Exercise description:
Exactly the lines below from the one with "2/4/6 pcs Serbet" up to and including the one with "vidaXL Kledingkast FLORO" make up the answer, with nothing else added.

Data for review:

================

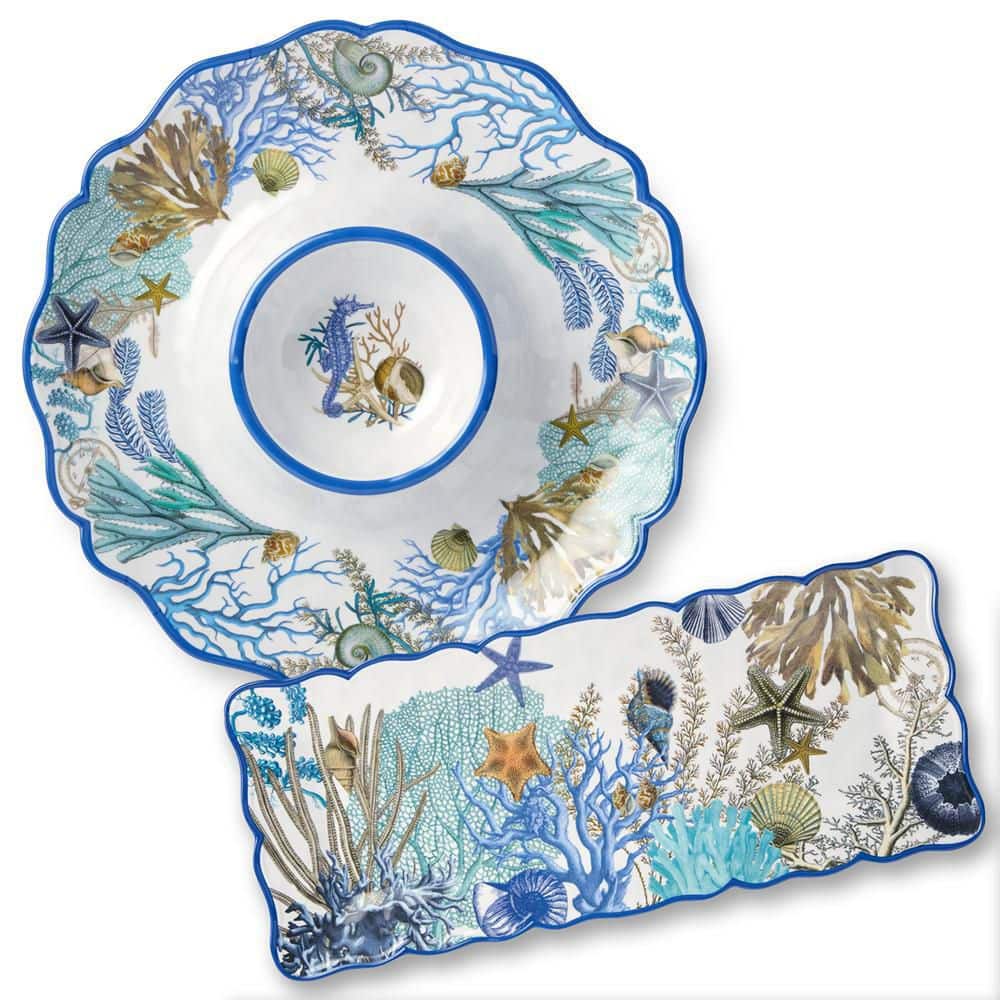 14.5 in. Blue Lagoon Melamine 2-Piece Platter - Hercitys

================

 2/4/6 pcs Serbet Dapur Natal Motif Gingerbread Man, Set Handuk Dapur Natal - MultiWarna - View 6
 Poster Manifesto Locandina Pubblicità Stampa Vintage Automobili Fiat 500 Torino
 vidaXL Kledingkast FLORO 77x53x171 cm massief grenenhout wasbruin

================

Written response:
 2/4/6 pcs Serbet Dapur Natal Motif Gingerbread Man, Set Handuk Dapur Natal - MultiWarna - View 6
 Poster Manifesto Locandina Pubblicità Stampa Vintage Automobili Fiat 500 Torino
 vidaXL Kledingkast FLORO 77x53x171 cm massief grenenhout wasbruin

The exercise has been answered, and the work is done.